■ **PROMPT**
Retype the listing below line for line, but only from the line with "Coronary blood vessels, composite image" down to the line with "Làm răng sứ", inclusive. Pictures stay out.

---

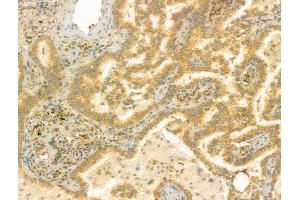 ABIN6259338 and ABIN6275436 at 1/100 staining Human lung cancer by IHC-P. (RAB3GAP2 抗体  (Internal Region))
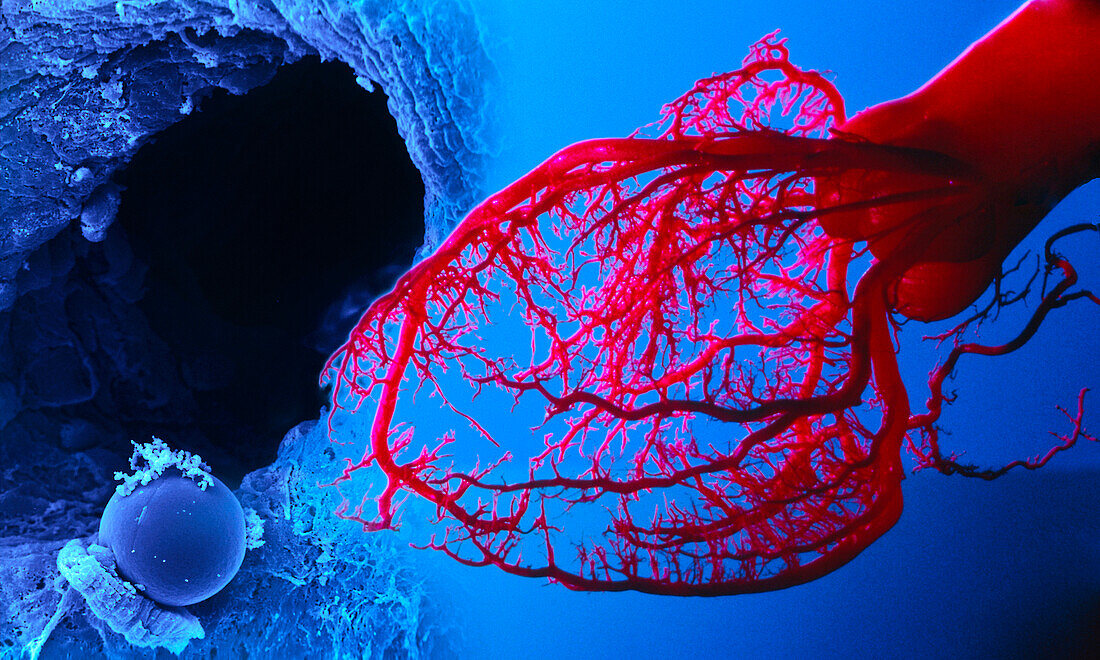 Coronary blood vessels, composite image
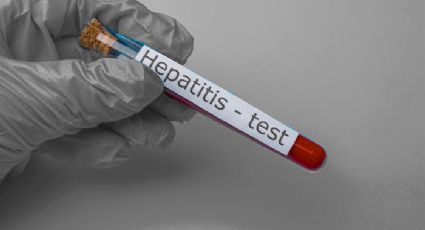 No hay ningún caso de hepatitis infantil aguda en Guanajuato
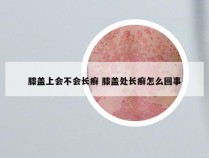 膝盖上会不会长癣 膝盖处长癣怎么回事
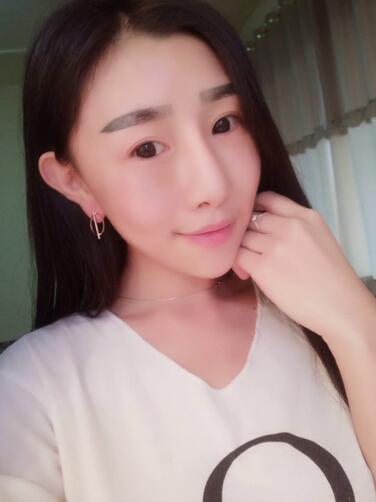 貴陽泰康樂醫(yī)院整形美容科醫(yī)生陳璐做自體脂肪全臉填充效果怎么樣？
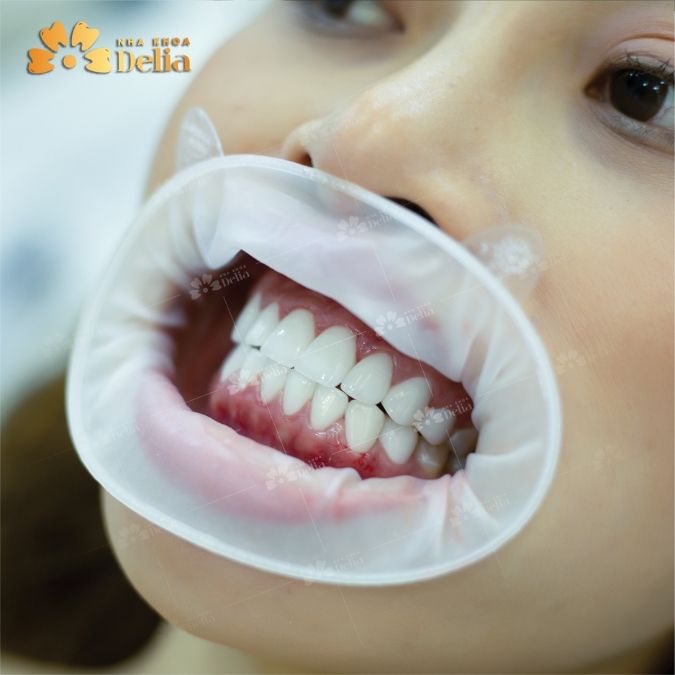 Làm răng sứ bị hôi miệng nguyên nhân chính do đâu?
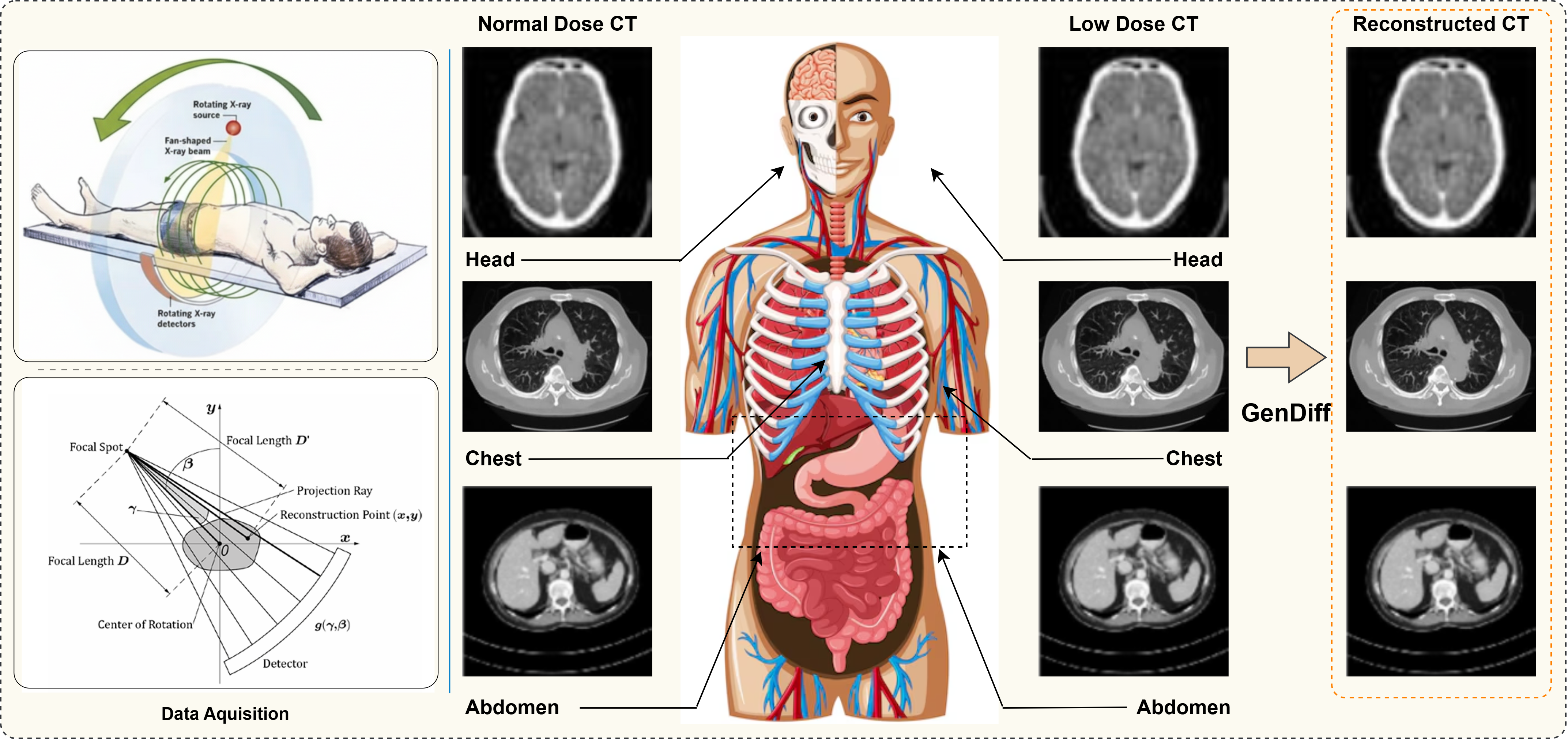 Figure 1: Overview of the proposed GenDiff framework for unified low-dose CT reconstruction. GenDiff integrates doseand anatomy-aware conditioning within a deterministic cold diffusion process to reconstruct high-quality CT images from low-dose inputs. The framework jointly models radiation dose and anatomical region, enforces physics consistency during iterative refinement, and produces robust reconstructions across multiple anatomies and unseen dose levels.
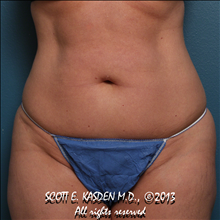 Tummy Tuck Before Photo by Scott Kasden, MD; Argyle, TX - Case 25310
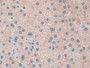 DAB staining on IHC-P; Samples: Human Liver cancer Tissue; Primary Ab: 30µg/ml Rabbit Anti-Human GLDC Antibody Second Ab: 2µg/mL HRP-Linked Caprine Anti-Rabbit IgG Polyclonal Antibody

---

■ **SOLUTION TO THE EXERCISE**
 Coronary blood vessels, composite image
 No hay ningún caso de hepatitis infantil aguda en Guanajuato
 膝盖上会不会长癣 膝盖处长癣怎么回事
 貴陽泰康樂醫(yī)院整形美容科醫(yī)生陳璐做自體脂肪全臉填充效果怎么樣？
 Làm răng sứ bị hôi miệng nguyên nhân chính do đâu?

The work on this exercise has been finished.